▶ **WORK ORDER**:
Take the material below and extract the lines from the one with "Tecla | Suéter" through the one with "Dreaming Girl - (art", word for word, without pictures.

▶ **THE RECORDS**:

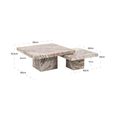 Rashford Coffee Table - Set of 2 - Square - Blush Beige - Marble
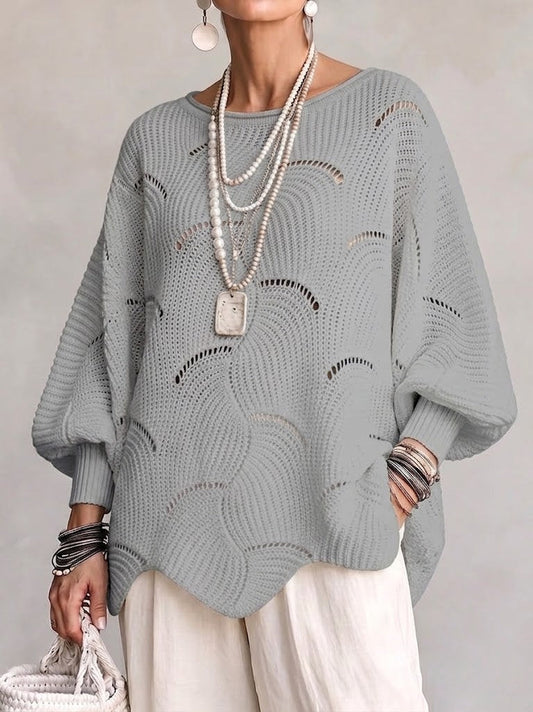 Tecla | Suéter Calado de Ondas con Mangas Farol, Gris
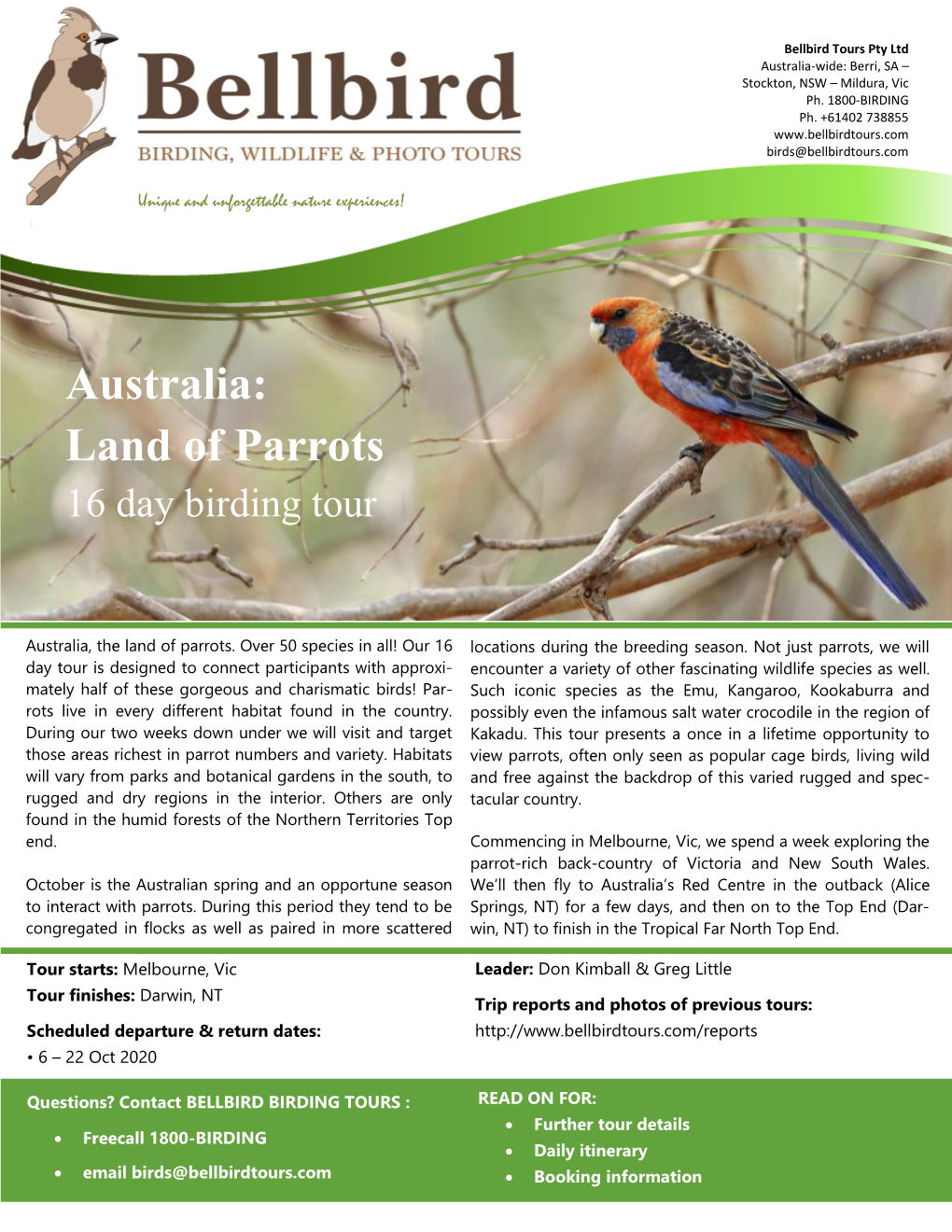 Australia: Land of Parrots – 2020
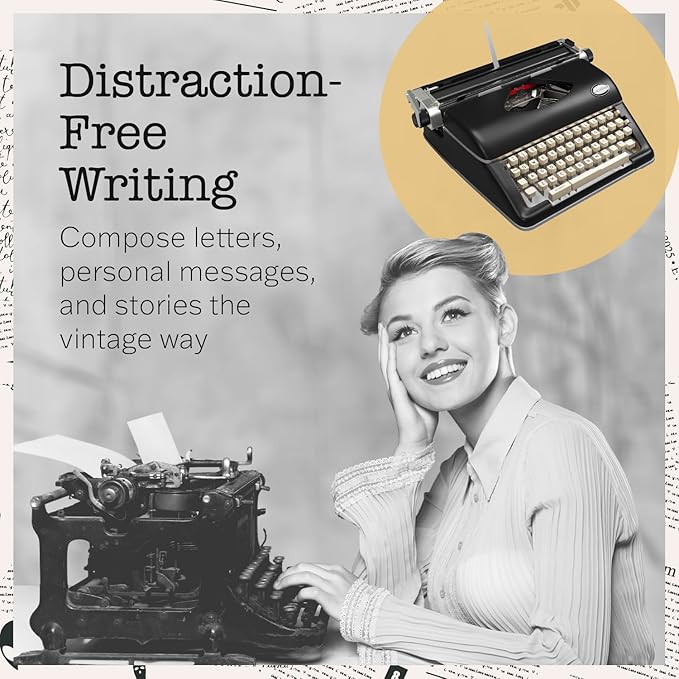 Maplefield Vintage Manual Typewriter - Quiet Mechanical Typing & Office Supplies - Decorative Desk Accessories & Vintage Decor - Author Gift & Writing Inspiration - Black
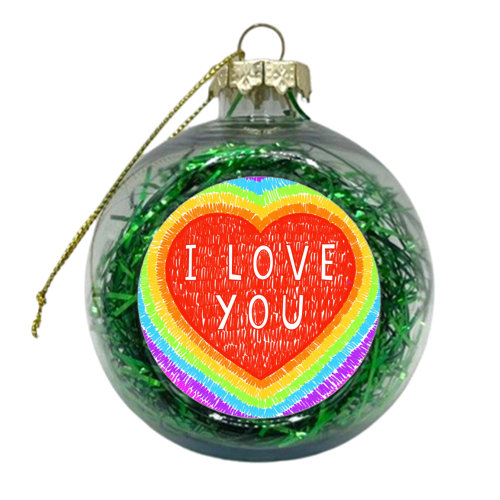 I Love You Rainbow Heart - xmas bauble by Adam Regester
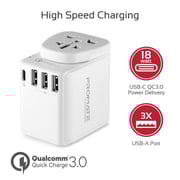 Promate Universal Travel Adapter, Worlds First Grounded Power Adapter with Resettable Fuse TripMate-PD18 White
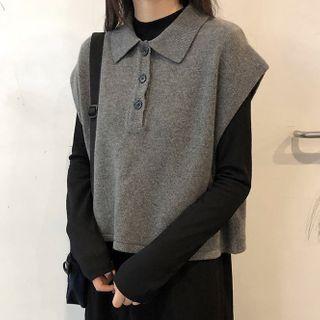 Long-sleeve Midi A-line Dress / Polo Sweater Vest
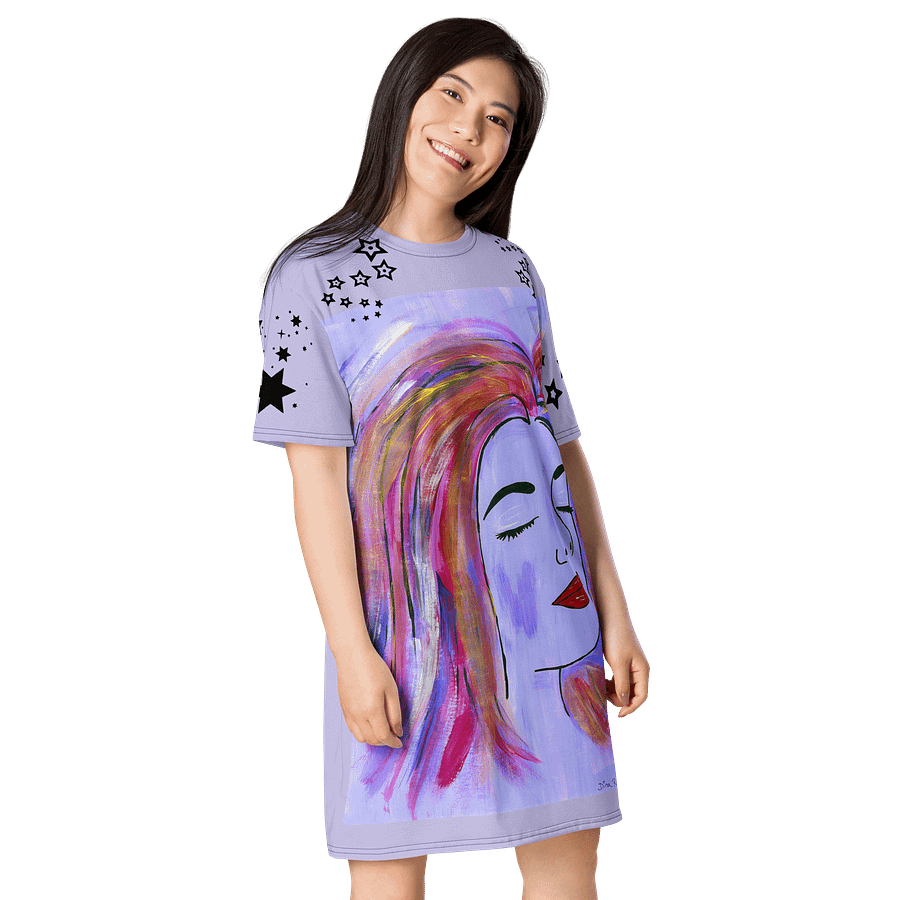 Dreaming Girl - (art by Dina R.) - acrylic painting picture - T-Shirt Dress product image (4)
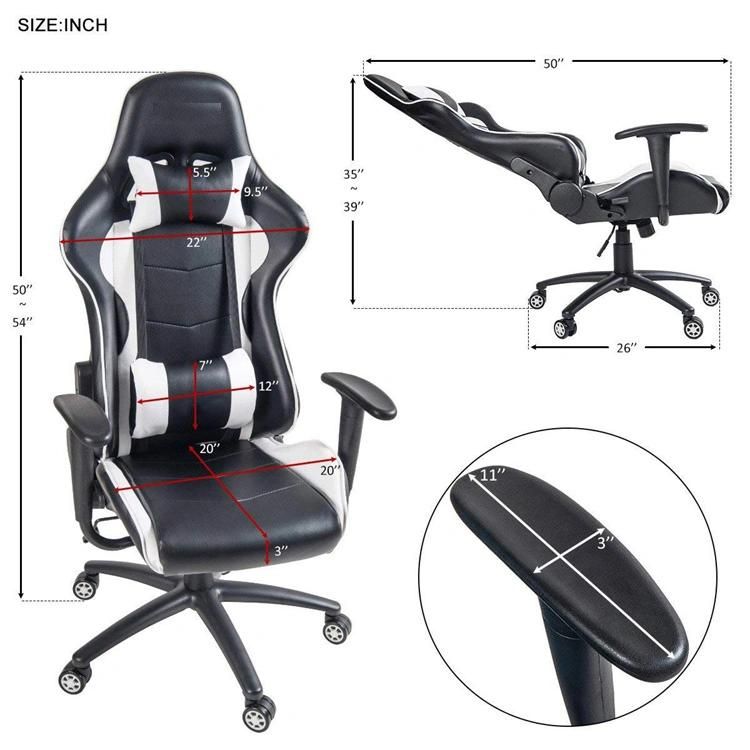 (VENUS) Designer Ergonomic Swivel Executive Gaming Desk Chair, Black and White PU Leather Cover Gaming Chair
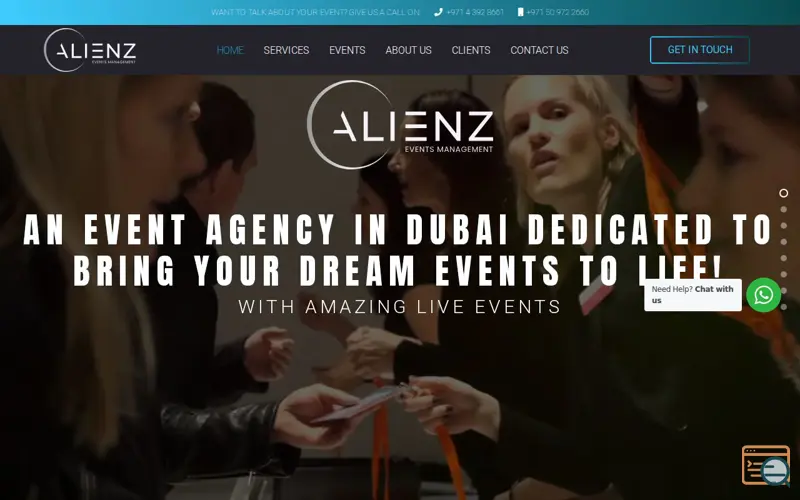 Screenshot of ALIENZ EVENTS MANAGEMENT, a launch using iOnline UAE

▶ **WRITTEN REPLY**:
 Tecla | Suéter Calado de Ondas con Mangas Farol, Gris
 Australia: Land of Parrots – 2020
 Maplefield Vintage Manual Typewriter - Quiet Mechanical Typing & Office Supplies - Decorative Desk Accessories & Vintage Decor - Author Gift & Writing Inspiration - Black
 I Love You Rainbow Heart - xmas bauble by Adam Regester
 Promate Universal Travel Adapter, Worlds First Grounded Power Adapter with Resettable Fuse TripMate-PD18 White
 Long-sleeve Midi A-line Dress / Polo Sweater Vest
 Dreaming Girl - (art by Dina R.) - acrylic painting picture - T-Shirt Dress product image (4)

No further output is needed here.